ーー7月23日。
朝、結菜が学校の自分の座席で学生鞄を開けて机に教科書を詰め込んでいると、先に登校していた日向は席を立って結菜の隣についた。
人影に気づいた結菜は、昨日より血色が良くなっている日向を顔を見た途端、思わず笑みが浮かぶ。

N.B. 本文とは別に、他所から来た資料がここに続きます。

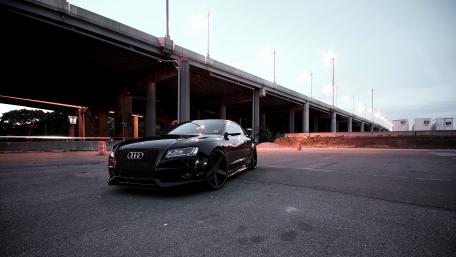 Sleek Audi in Urban Nightscape Artwork wallpaper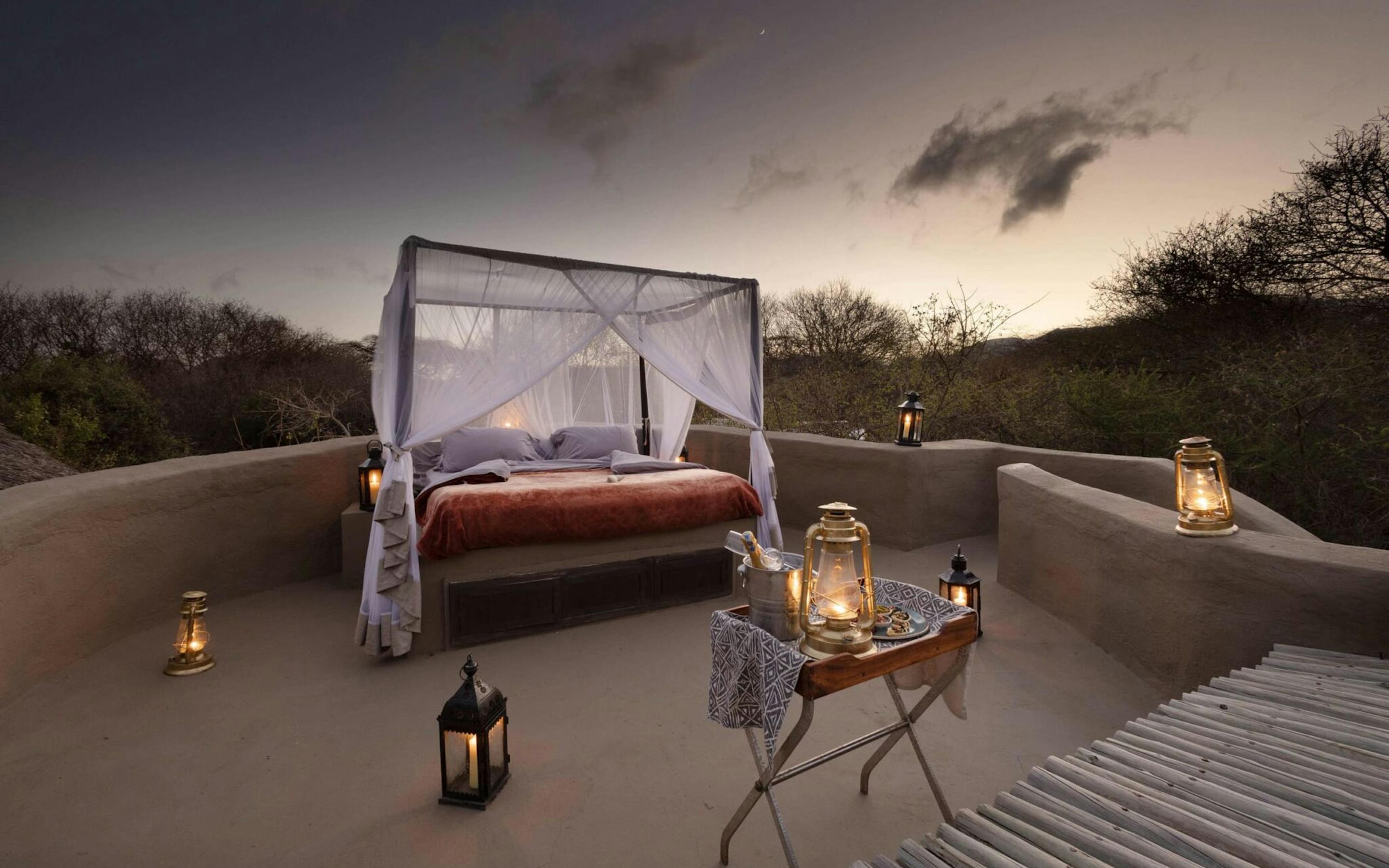 An outdoor canopy bed is set on a terrace with lanterns, facing open plains and a dramatic dusk sky in the distance.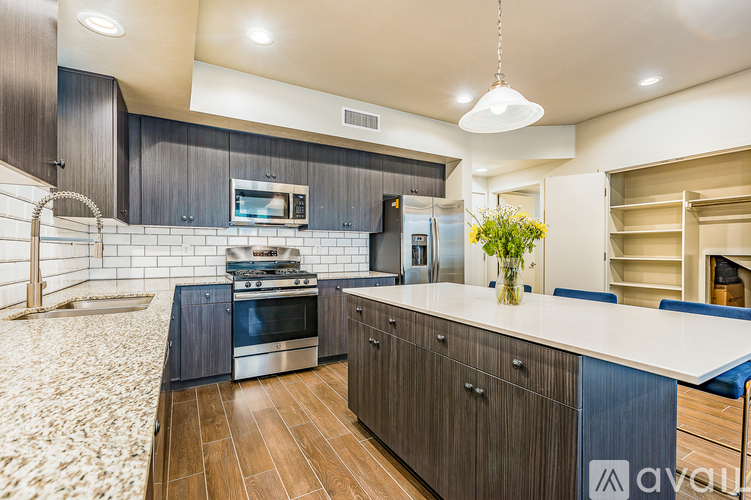 A modern kitchen with dark wood cabinets and a white countertop.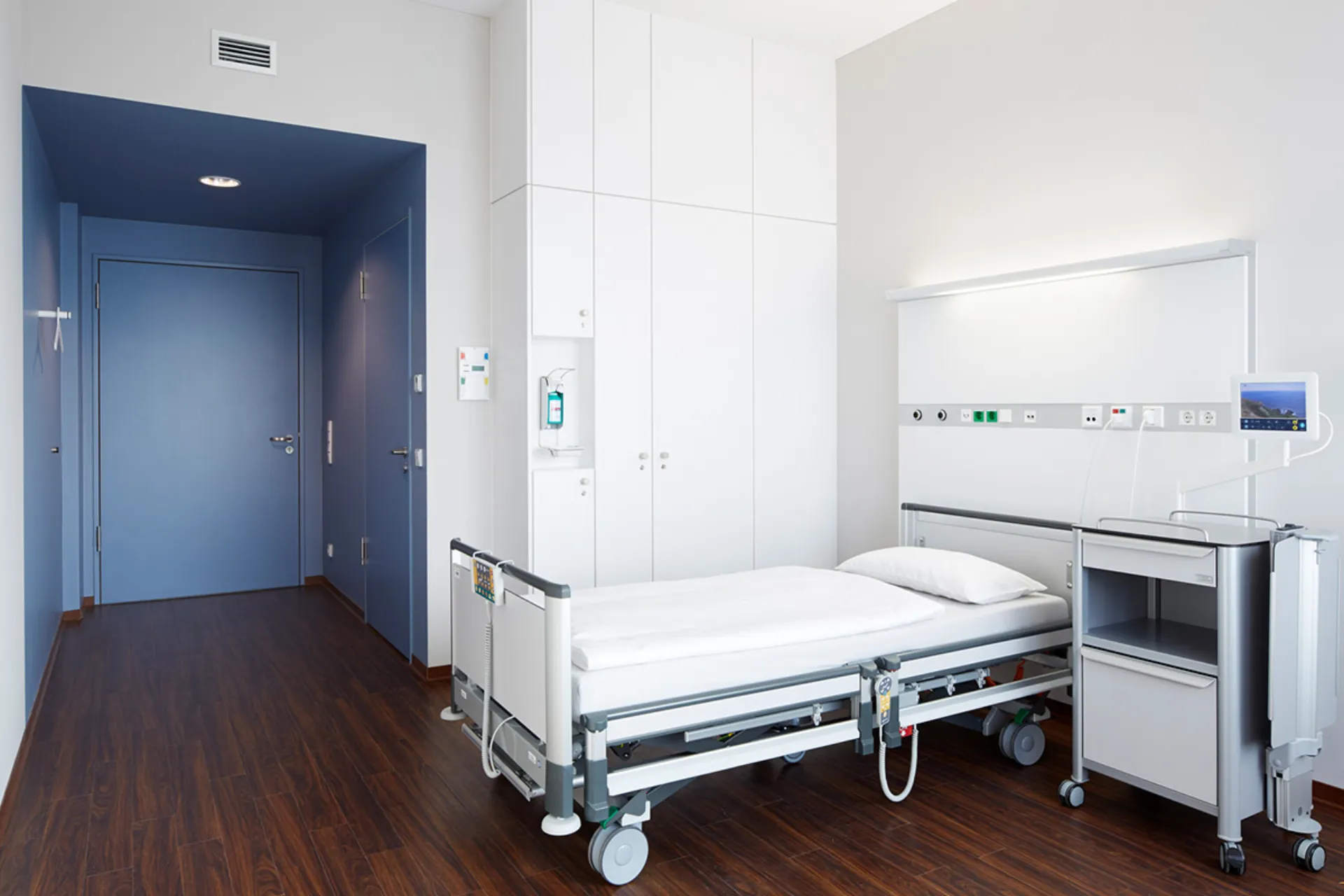 Krankenhauszimmer mit einem Bett, Nachttisch, weißen Schränken und blauer Tür in einem hellen Raum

「おはよ。今日は顔色がいいね! 体調は回復したのかな? 元気になって良かっ……」
「俺、今日で学校辞めるから」



見下ろしている日向は無表情のままそう告げると、廊下の方へ足を進めた。
結菜は急な報告に気持ちが追いつかずに日向の背中を追って廊下に出た。



「それってどう言う事?」

「昨日身元がバレた。今日は終業式だから学校を辞めるにはちょいどいい」


「ちょっと待って! どうして身元がバレたの? 事情を詳しく説明して!」

「お前には関係ない。今から職員室に行くからついて来んなよ」


「学校辞めちゃダメだよ……。あと半年くらいだから頑張って行こうよ」



結菜は泣きそうな顔で訴えながら腕を掴むが、日向は別人のような冷たい目線のまま足を止めて結菜の手を振り払った。



「無理。……あっ、そうだ。昨晩は看病ありがとう。意識が朦朧(もうろう)としてたから何を喋ったか覚えてないけど、もし変な事を言ってたら忘れて欲しい」



日向はそれだけ伝えると、再び足を前に進めた。
結菜は『何を喋ったか覚えてない』という言葉にショックを受けるが、引き留めなければならないと思いが先行して後を追う。



「忘れられないよ。……あれが演技だとしても!」



当然、日向にはこの言葉がズドンと重く胸に突き刺さる。
昨日は聞かなかった事にすると言い切っていたのに、簡単に言葉をひっくり返してきたのだから。

日向は拳をギュッと握って気持ちに踏ん切りをつける。



「何を言ったかわからない言葉を間に受けるのやめてくれない? 昨日は二階堂との仲を引き裂いて悪かったな。あいつと上手くやってけよ」

「何それ……。自分勝手過ぎる。……ねぇ、落ち着いて話をしよう。学校も辞めちゃダメだよ」


「無理。急いでるからもう行くわ」



日向は感情を腹の内に隠したまま気だるそうに1人の自分を演じると、歩くスピードを上げて結菜の元から離れて行った。
一方、隣の教室前に置き去りにされた結菜は、3分間に凝縮して伝えられた言葉が心の中で整理しきれない。


昨晩ソファでぐったりしてる時に伝えられた言葉を聞いた時は、てっきり好意を寄せてくれてるかと思った。
冗談ばかりを言うような人だけど、その狭間で本音を覗かせる事も度々あったから。
でも、それを覚えてない上に身元がバレたから学校を辞めるなんて突然言われても受け止められる訳ないじゃん。


彼と気持ちがすれ違ってショックを受けていたが、これはほんの序章に過ぎなった。
すぐ手前に待ち受けてる残酷な未来は、私達の仲を引き裂く準備を始めている。